Negli ultimi anni l’artista bolognese, uno dei più interessanti ed originali della scena contemporanea, è diventato famoso per le sue esplorazioni linguistiche, per la sua capacità di giocare con le parole e restituirle al pubblico moltiplicate nel loro significato. Questa è la sua cifra stilistica:  una comicità raffinata fatta di geniali provocazioni, di incastri di parole, di desinenze, di radici.  

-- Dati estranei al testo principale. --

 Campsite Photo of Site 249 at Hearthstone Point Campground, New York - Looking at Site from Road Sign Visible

Parlare di Bergonzoni non è facile. E’ un intellettuale profondo, un performer dell’assurdo a volte difficile da seguire nei suoi voli pindarici, nei suoi giochi di memoria, nelle sue associazioni, in cui riesce a coniugare la vita quotidiana ai massimi sistemi, la banalità al senso della vita, i luoghi comuni all’etica e tutto senza alcuna volgarità. Il suo stile un po’ surreale, è giocoso e soprattutto sorprendente. Sì, perché Bergonzoni riesce sempre a sorprenderci e, come nel precedente spettacolo “Nessi”, senza avere un filo conduttore, gioca in modo sublime e leggero con le parole, con le frasi, e ci restituisce nuove visioni, ci apre nuovi orizzonti e mondi paralleli. E non dà mai tregua allo spettatore.

Efficace l’espediente scenografico di celarsi a tratti in cima ad una scala o dietro ad un telo orizzontale da dove spuntano solo i piedi in continuo movimento. La voce diventa in questo modo la sola protagonista.

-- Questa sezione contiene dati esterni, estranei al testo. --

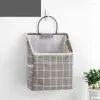 Storage Bags Cotton Linen Wall-mounted Bag Bedside Book Mobile Phone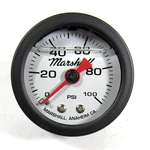 Marshall Fuel Pressure Gauge CWB00100; 0-100 Psi 1-1/2 In. Liquid Filled Wht/blk. Fixed Price $26.73.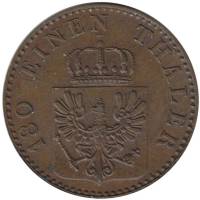 Монета Пруссия 1867 год 2 пфеннига, XF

Battute a raffica nella prima parte dello spettacolo lasciano lo spettatore senza fiato, mentre nella seconda i temi più impegnativi (Cucchi e Regeni, migranti, malati, carceri, anziani, disabili) rimandano a pensieri più profondi e lasciano nello spettatore un certo turbamento.

E quando si esce dalla sala ci si sente come dopo una sbornia: un po’ euforici, un po’ storditi. Sicuramente sorpresi da tanta genialità.